In April 2020 Poke House acquired 70% of Poke House Portugal (4 stores in Lisbon) from the 2 founders Francisco Guedes and Duarte Costa. The Company now operates 23 stores in Portugal.

In November 2020, Poke House opened its first international location in Spain in Parquesur shopping center. This opening was then followed by openings in Madrid, Barcelona, Valencia and San Sebastián.

In March 2021, the Company raised €20m from Eulero Capital with the contributions of current investors. The Round has allowed PH to complete a second M&A acquisition buying 100% of Ahi Poke. Poke House currently operates 10 locations in London, UK.

In June 2021 Poke House expanded in France with the opening of its first location in Les Quatre temps shopping center in Paris. The Company now operates 9 stores in France between Paris and Marseille (one location in the Prado shopping center). In July 2021 PH announced an expansion in the Netherlands through an investment in the brand leader Poke Perfect.

In 2021 and 2022, the company was included in the Top startup Italia by LinkedIn rating. In 2022, Poke House was noted in the Next Generation Italian Icons Interbrand.

Sweetfin, a poke bowl chain from California, was included into the Poke House family in January 2022.

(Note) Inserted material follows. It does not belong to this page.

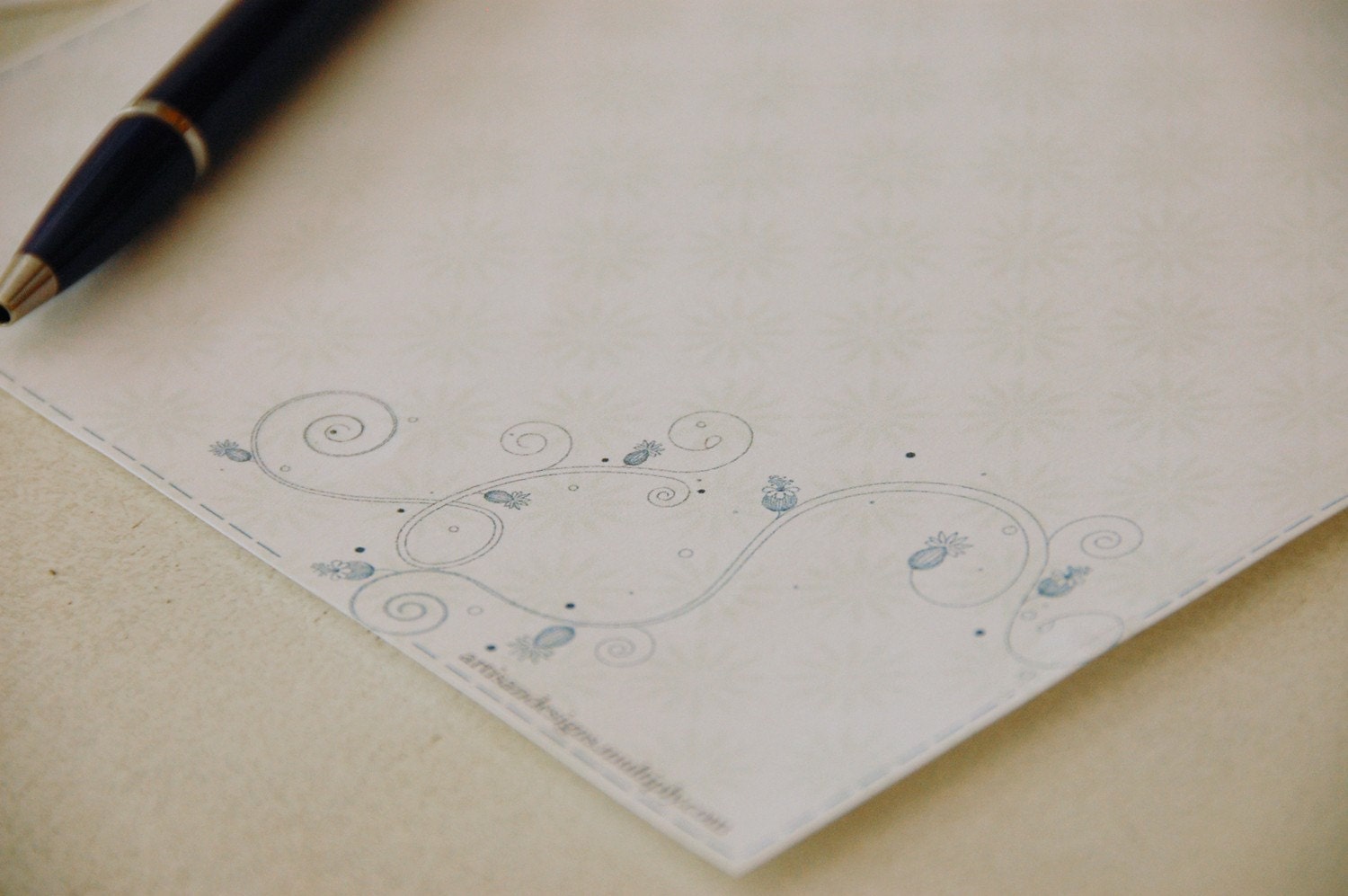 Green swirls printable stationery set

In April 2022, PH acquired the majority of Austrian Brand Honu Poke (3 stores in Wien). The brand currently operates 7 stores in Austria.

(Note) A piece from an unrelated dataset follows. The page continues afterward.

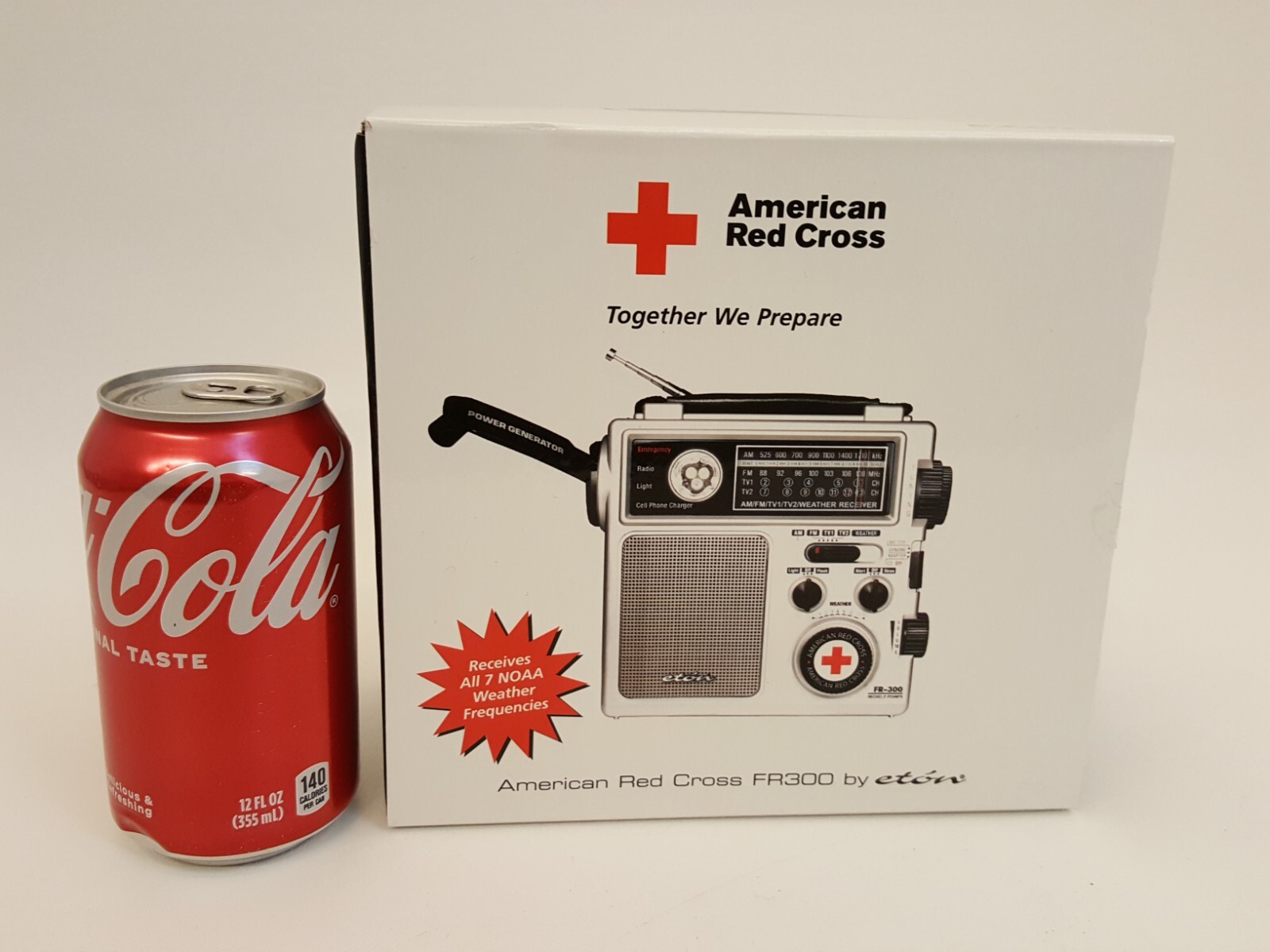 American Red Cross emergency radio hand crank FR300 Eton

In July 2022, the brand opened its first location in Bucharest, Romania where it currently operates with 2 stores.

In September 2022, Poke House ranks first in the ranking of leading Italian chains with revenues of more than 40 million euros according to the second edition of the report "The Poké Market in Italy" by Growth Capital.

In addition, in September 2022 Poke House opened its first brick and mortar store in Miami, followed by 2 additional stores in Miami, in South Beach and MidTown.

In October 2022, Poke House announced its collaboration with Goldman Sachs to explore potential opportunities in the Market.

In March 2023 the Brand launched its proprietary app to allow customers to order for take away and delivery directly from the app.

By May 2023, another significant financial round was completed, this time led by Red Circle Investments, a firm owned by OTB founder Renzo Rosso.